The power of women: combating blizzards, droughts and the changing climate
In the past seven days, the east coast of the United States was hammered with one of the biggest snowstorms it has ever seen and a breaking report was published stating that 2015 broke records as hottest year in history by about 0.14°C. All around us, extreme weather is intensifying and climate change is finally being recognized as one of the most serious threats of this century—but a clear path to mitigating the challenges of a warming planet remains unseen. This means an uncertain future for those who are least resilient to impacts, have the fewest resources to cope, and have limited protection from ever increasing climate-related threats.
At the Paris climate conference (COP21) in December, 195 countries adopted the first ever universal, legally binding global climate deal that aims to limit global warming to below 2°C. The Paris Agreement also provides a framework to support those in developing countries that stand on the front lines of climate change. This is especially important for the women and girls in every region who are experiencing the most severe impacts of climate change due to the social, economic and political barriers they face to protect themselves, their families, and their communities and to build resilience to the impacts of climate change. The new Agreement does partially reflect the importance of gender equality: the preamble includes gender equality and empowerment of women; adaptation and capacity building articles include that action must be gender-responsive; and implementation of the decision is meant to take into account gender balance. Unfortunately, however, other essential texts—such as gender equity with respect to finance and technology needs assessments—were lost in the last rounds of intense negotiations, meaning that a true paradigm shift towards gender equality, and understanding the intrinsic importance of it in relation to fighting the climate battle, is still needed. Gender must be an integral thread woven throughout all parts of climate change policy, planning and programming.
The President of Chile, Michelle Bachelet, summarized it best, saying:
Climate change isn’t only an environmental issue it is a social problem, perhaps it is the greatest political issue that will bring us together in the next few years. As we aspire to achieve climate justice, we must consider the inclusion of the gender dimension because women are victims, but they can also be a significant part of the solution to the climate issue. [From translation]
It is important to highlight the invaluable contributions, expertise, and perspectives of the women who participated in the United Nations Framework Convention on Climate Change (UNFCCC) negotiations. The countries that had women as heads of delegations, as well as Parties with gender expertise, such as Chile, Mexico, Costa Rica, and the Dominican Republic, took the lead in ensuring that social concerns, gender equality and human rights—were fully addressed in the Paris Framework. It is also fundamental to recognize the role and negotiation skills exhibited by the Executive Secretary of the UNFCCC, Ms. Christiana Figueres, at COP21. Undeniably, she is one of the driving forces behind the gender-responsive elements of the Paris Agreement.

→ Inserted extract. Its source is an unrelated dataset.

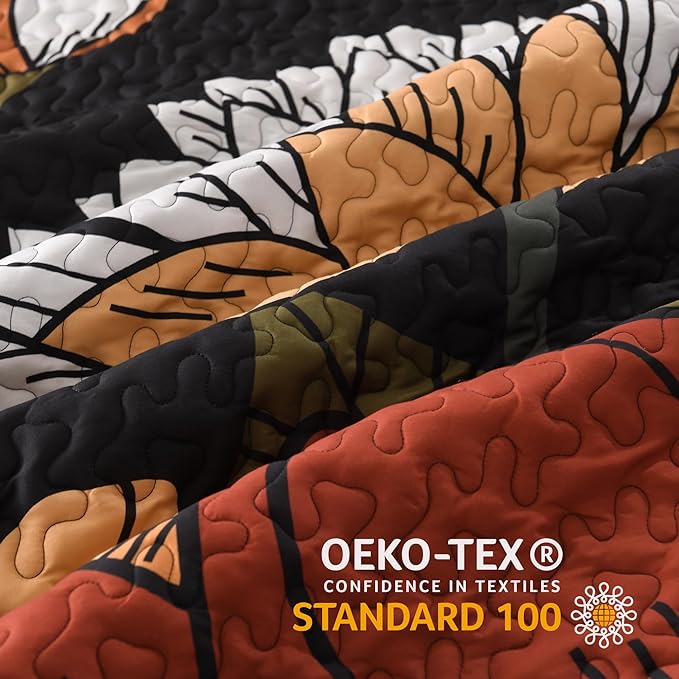 Andency Floral Boho Queen Quilt Bedding Set Black, 3 Pieces Farmhouse Flower Botanical Summer Bedspreads with 2 Shams, Soft Reversible Lightweight Microfiber Coverlet Set for All Season, 90"x96"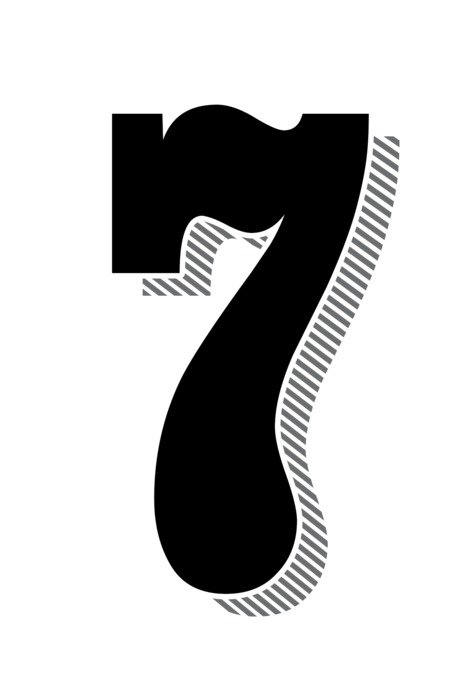 Number seven as a clipart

The power of women’s leadership has proven true in other environmental arenas outside of the climate change meetings. For instance, countries with higher female parliamentary representation are more likely to set aside protected land areas, as a study of 25 developed and 65 developing countries reveals; and to ratify international environmental treaties, according to a study of 130 countries. In addition, of the 49 countries that reduced carbon dioxide emissions between 1990 and 2007, 14 had a very high Human Development Index rank, specifically 10 of which with higher than average female parliamentary representation (Human Development Report 2011). Another telling example occured this past Tuesday, when the US Senate reconvened after one of the biggest snowstorms that Washington, D.C. has ever seen and the only people present were women (floor managers, pages, parliamentarians). Speaking about this incident, Alaska Republican Senator Lisa Murkowski reminds us of the power of women in difficult circumstances: “Something is genuinely different, and I think it’s genuinely fabulous. So perhaps it just speaks to the heartiness of women, that you put on your boots and put your hat on and get out, slog through the mess that is out there.”
Inclusive and equitable climate policies and programs can deliver social and economic development co-benefits and will support steps towards sustainable development. Very often initiatives designed without a clear understanding of the realities of people’s lives, including the social and cultural structures that can ignore and sideline women and girls, are unlikely to achieve their intended objectives. For this reason, the International Union for Conservation of Nature’s (IUCN) Global Gender Office (GGO) has created a suite of knowledge products covering a range of issues that provide policymakers and practitioners information, best practices, and tangible strong examples of gender-responsive climate change so that they can incorporate these lessons into their work.
We at the GGO believe that the Paris Agreement stands as a critical turning point for the global community in its recognition of the importance to act on climate change. We are grateful that it does include indications of its growing understanding of the vulnerability of women in many regions of the world and the critical need to integrate women, their empowerment, and gender equality concerns proactively. And ultimately, we look forward to future opportunities to support implementation for gender-responsive climate change policies and projects.